A Roth IRA is similar to a traditional IRA, but the main difference is how they work with taxes. Unlike a traditional IRA, your contributions to a Roth IRA are not tax deductible. On the flip side, you won’t have to pay taxes when you withdraw the money during retirement.

Advantages:

  • You don’t pay taxes on withdrawals from your Roth IRA during retirement

Disadvantages:

  • Creators making more than $153,000 per year aren’t eligible for Roth IRAs

Contribution Limits:

  • $6,500 ($7,500 if you are over age 50)

Ideal For:

  • Creators who expect to be in a higher tax bracket when they start taking withdrawals

How to get started:

  • You can open a Roth IRA through a bank, investment company, online brokerage, or a personal broker

3. SEP IRA

A simplified employee pension (SEP) IRA is designed specifically for small business owners, rather than part-time freelancers. The main advantage of a SEP IRA is that it allows you to contribute way more money than a traditional or Roth IRA. 

Advantages:

  • Much higher contribution limits than a traditional or Roth IRA
  • Can be combined with a traditional IRA or a Roth IRA
  • Contributions are tax-deductible

Disadvantages:

  • If you withdraw money from a SEP IRA before age 59½, you have to pay taxes and a 10% early withdrawal penalty.

Contribution Limits:

  • Up to 25% of your compensation or $66,000 for 2023 (whichever is less)

Ideal For:

  • Self-employed business owners

How to get started:

  • You can open a SEP IRA through an online brokerage (it just requires a little extra paperwork)

4. SIMPLE IRA

SIMPLE IRA stands for “Savings Incentive Match Plan for Employees.” This type of IRA is designed for small businesses with 100 or fewer employees, but sole proprietors and self-employed people are eligible too.

SIMPLE IRAs can be an ideal option if you hire full-time employees for your creator business and want to offer them a retirement plan.

Advantages:

  • Contributions are tax-deductible

Disadvantages:

  • Contribution limits are lower than a SEP IRA or solo 401(k).
  • Employers are usually required to make matching contributions to employee accounts of up to 3% of employee compensation or fixed contributions of 2% to all eligible employees.
  • If you withdraw money from a SEP IRA before age 59½, you have to pay taxes and a 10% early withdrawal penalty.

Contribution Limits:

  • Up to $15,500 in 2023, plus catch-up contribution of $3,500 in 2023

Ideal For:

  • Small business owners with 100 or fewer employees

How to get started:

  • You can start a SIMPLE IRA through an online broker

5. Solo 401(k)

A solo 401(k) is a retirement plan for one-person businesses with no full-time employees. It has most of the same perks as a traditional 401(k) like tax-deferred growth. The only downside is that you don’t have an employer matching your contributions, since you’re employed by…yourself.

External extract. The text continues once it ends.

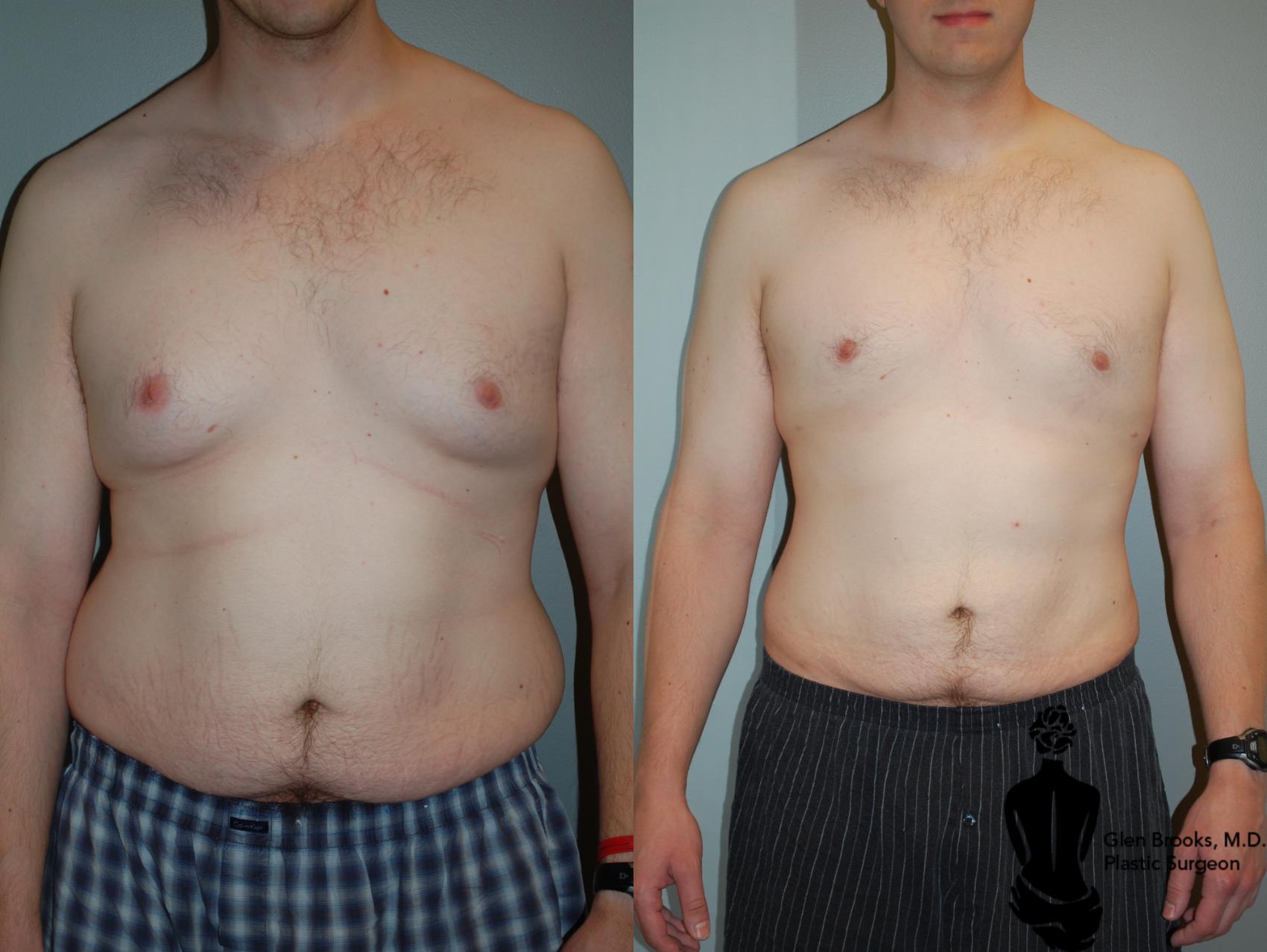 Before & After Gynecomastia Case 67 View #1 View in Springfield, MA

A solo 401(k) is also called a one-participant 401(k) or a solo K.

Advantages:

  • Higher contribution limits than SEPs, traditional IRAs and Roth IRAs, or SIMPLE IRAs
  • Contributions reduce your taxable income in the year you make them

Disadvantages:

  • There are taxes and penalties if you withdraw the money before you’re 59 ½
  • Solo 401(k)s takes longer to set up than IRAs

Contribution Limits:

  • You can make contributions as an employer and employee with a solo 401(k)
  • As an employee, you can contribute up to 100% of your net adjusted self-employed income, or $22,500 in 2023 (whichever is less).
  • As an employer, you can contribute up to 25% of your net adjusted self-employed income.

Ideal For:

  • Business owners without full-time employees who want to make large contributions to their retirement fund

How to get started:

  • You can open a solo 401(k) at many online brokers. Just make sure your business is incorporated since you need an Employer Identification Number (EIN).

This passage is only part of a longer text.